ACTIVITY: Of the lines in the data below, write out exactly those from the one holding "Used 2014 Ford" through the one holding "Police Goes To", both included.

──────── INPUT MATERIAL

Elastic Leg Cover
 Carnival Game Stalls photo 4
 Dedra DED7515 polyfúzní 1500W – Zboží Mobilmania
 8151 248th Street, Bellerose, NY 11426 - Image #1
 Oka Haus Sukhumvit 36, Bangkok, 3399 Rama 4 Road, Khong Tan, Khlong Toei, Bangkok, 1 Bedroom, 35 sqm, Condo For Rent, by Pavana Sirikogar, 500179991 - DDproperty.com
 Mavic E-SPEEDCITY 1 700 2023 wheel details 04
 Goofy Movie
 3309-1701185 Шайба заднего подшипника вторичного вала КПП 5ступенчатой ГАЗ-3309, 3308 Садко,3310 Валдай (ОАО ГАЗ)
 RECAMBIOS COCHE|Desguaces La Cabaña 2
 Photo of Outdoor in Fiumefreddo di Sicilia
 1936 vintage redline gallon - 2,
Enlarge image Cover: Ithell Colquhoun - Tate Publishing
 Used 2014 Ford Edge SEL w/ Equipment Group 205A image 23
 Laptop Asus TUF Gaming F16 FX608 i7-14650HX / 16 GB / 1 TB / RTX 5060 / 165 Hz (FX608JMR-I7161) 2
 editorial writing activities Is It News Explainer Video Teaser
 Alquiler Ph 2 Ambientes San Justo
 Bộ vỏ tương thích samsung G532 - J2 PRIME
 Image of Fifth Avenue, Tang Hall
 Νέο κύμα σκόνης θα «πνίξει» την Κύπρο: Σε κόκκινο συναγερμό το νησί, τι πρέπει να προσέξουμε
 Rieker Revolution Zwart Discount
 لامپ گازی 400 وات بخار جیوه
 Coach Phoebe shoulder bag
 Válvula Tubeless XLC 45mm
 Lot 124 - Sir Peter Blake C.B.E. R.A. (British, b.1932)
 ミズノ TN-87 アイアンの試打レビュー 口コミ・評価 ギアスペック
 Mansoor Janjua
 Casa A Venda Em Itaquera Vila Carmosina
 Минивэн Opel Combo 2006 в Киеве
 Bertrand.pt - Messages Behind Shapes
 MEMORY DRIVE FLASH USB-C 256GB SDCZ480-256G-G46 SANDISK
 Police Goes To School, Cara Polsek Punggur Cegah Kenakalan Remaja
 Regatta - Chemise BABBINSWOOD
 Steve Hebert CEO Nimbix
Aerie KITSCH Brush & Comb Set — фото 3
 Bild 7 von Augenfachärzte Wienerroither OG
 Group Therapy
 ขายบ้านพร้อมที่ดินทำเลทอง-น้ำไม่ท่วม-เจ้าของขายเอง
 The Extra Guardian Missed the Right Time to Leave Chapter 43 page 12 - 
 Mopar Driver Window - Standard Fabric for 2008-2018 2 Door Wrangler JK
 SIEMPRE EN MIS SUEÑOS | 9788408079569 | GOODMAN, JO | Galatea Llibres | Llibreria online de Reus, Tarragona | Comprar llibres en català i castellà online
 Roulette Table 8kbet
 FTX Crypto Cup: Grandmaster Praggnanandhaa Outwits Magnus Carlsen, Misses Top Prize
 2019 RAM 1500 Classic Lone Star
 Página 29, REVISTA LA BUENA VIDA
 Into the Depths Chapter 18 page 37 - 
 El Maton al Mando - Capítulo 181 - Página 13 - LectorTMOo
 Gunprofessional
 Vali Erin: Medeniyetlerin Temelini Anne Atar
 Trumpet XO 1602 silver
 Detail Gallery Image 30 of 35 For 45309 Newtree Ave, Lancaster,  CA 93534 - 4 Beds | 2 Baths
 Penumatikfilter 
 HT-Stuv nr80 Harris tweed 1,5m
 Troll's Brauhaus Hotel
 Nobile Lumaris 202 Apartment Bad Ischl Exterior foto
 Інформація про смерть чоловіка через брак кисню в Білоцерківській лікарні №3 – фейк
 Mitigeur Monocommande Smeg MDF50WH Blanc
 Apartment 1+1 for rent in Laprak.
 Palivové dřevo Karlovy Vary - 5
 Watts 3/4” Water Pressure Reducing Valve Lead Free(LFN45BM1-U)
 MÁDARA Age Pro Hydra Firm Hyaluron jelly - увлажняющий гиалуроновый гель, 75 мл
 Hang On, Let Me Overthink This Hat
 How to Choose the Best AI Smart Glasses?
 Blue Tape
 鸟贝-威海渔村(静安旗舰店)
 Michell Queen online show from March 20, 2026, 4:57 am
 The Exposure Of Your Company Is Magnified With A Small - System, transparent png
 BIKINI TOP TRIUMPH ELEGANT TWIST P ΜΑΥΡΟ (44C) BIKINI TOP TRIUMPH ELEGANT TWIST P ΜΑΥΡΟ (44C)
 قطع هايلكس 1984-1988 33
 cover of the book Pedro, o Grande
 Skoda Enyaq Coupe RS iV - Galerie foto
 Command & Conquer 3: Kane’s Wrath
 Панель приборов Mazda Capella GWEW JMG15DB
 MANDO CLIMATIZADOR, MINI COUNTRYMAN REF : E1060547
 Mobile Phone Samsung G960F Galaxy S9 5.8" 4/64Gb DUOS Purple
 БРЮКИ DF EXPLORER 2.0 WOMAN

────────────────

ANSWER FOR THE TASK:
 Used 2014 Ford Edge SEL w/ Equipment Group 205A image 23
 Laptop Asus TUF Gaming F16 FX608 i7-14650HX / 16 GB / 1 TB / RTX 5060 / 165 Hz (FX608JMR-I7161) 2
 editorial writing activities Is It News Explainer Video Teaser
 Alquiler Ph 2 Ambientes San Justo
 Bộ vỏ tương thích samsung G532 - J2 PRIME
 Image of Fifth Avenue, Tang Hall
 Νέο κύμα σκόνης θα «πνίξει» την Κύπρο: Σε κόκκινο συναγερμό το νησί, τι πρέπει να προσέξουμε
 Rieker Revolution Zwart Discount
 لامپ گازی 400 وات بخار جیوه
 Coach Phoebe shoulder bag
 Válvula Tubeless XLC 45mm
 Lot 124 - Sir Peter Blake C.B.E. R.A. (British, b.1932)
 ミズノ TN-87 アイアンの試打レビュー 口コミ・評価 ギアスペック
 Mansoor Janjua
 Casa A Venda Em Itaquera Vila Carmosina
 Минивэн Opel Combo 2006 в Киеве
 Bertrand.pt - Messages Behind Shapes
 MEMORY DRIVE FLASH USB-C 256GB SDCZ480-256G-G46 SANDISK
 Police Goes To School, Cara Polsek Punggur Cegah Kenakalan Remaja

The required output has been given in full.